Propagators and relational algebra
Some thoughts on propagators… seemed like an a-ha moment when I wrote it about a month ago, but now that I reread, it seems sort of trivial… oh well, what are blogs for.
The Sussman/Radul propagator framework is described operationally, as a mechanism for manipulating constraint networks and doing constraint propagation, together with dependency-directed backtracking for diagnosing inconsistencies. I want to redescribe it as a mechanism implementing operations that can be described declaratively: to wit, relational algebra.
Relational algebra was invented to provide a clean theory of databases. According to relational algebra, a database is a set of tables, which are physical and mutable. Each table carries, at any given point in time, a relation, which is ideal and mathematical. When a table is updated, it goes from carrying one relation to carrying another (usually very similar) relation.
Relations in the broader mathematical sense are uniform, potentially infinite sets of tuples. (“Uniform” meaning the tuples all have the same arity, making the relation rectangular, i.e. a subset of a cross product.) In a relational DBMS the relations held by tables can be given by enumerating their tuples. But there is nothing in the theory of relational algebra that requires that relations be enumerable. Relational algebra still makes logical sense with infinite relations, e.g. the less-than relation.

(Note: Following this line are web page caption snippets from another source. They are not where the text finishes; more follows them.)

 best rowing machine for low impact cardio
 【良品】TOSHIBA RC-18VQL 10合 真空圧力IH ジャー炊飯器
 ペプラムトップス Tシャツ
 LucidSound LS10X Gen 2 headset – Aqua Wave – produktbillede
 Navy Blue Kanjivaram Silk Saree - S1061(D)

Now the deep piece of relational algebra is relational compositions or joins. Join is a binary operation on relations that yields a relation. The key fact about the join operator is that it’s associative. The most interesting and performance-critical part of any DBMS is the implementation of joins – specifically (a) in what order to perform joins when there’s more than one, (b) for each join, the details of performing that particular join (e.g. enumeration over the left table vs. over the right table). The heart of any DBMS is its query planner, which is the often very hairy compiler-like code that makes these strategic decisions.
So you should see the analogy to propagators. At any given time, every propagator network, including individual propagators and cells as special cases, has an associated relation (e.g., the ternary is-the-sum-of relation). (A cell’s associated relation is unary i.e. a set.)
The propagator network as a data structure changes in two ways: the relation that is expressed (i.e. the set of constraints – values in cells and so on) can be updated, and knowledge about the solution of a particular set of constraints (the propagated implications of the expressed constraints) can change.
Connecting propagators to cells is a side-effecty way of constructing new relational join expressions and therefore expressing new relations. The purpose of the propagation loop is to converge toward the relational join expressed by the network.
The readout of the knowledge state of the cells gives an approximation of the true solution to the constraint set. The would be the cross product of all of the sets expressed by each cell’s knowledge state (e.g. an interval), which contains the true solution relation. In the special case of the most successful possible outcome of constraint satisfaction, the knowledge states of the cells give exact single values for each cell, and the cross product approximation is the true relation, which is just a single tuple. This is the sense in which a propagator network can evaluate functions.
If a relation becomes known to be empty, we have a contradiction, and the TMS can help us figure out why.
So how does this comparison help?
- By showing connections to familiar frameworks (relations and relational algebra), a presentation like this might help in communicating the propagator idea to people (like me) who like declarative and mathematical formulations of things, and might convince them to help join the effort to develop the ideas.
- By thinking about the relations involved one might be helped to think about convergence conditions, case analysis, and other hard problems, and transfer mathematical intuitions developed elsewhere (topology, real analysis, compiler construction, database theory…) to the development of better propagator mechanisms.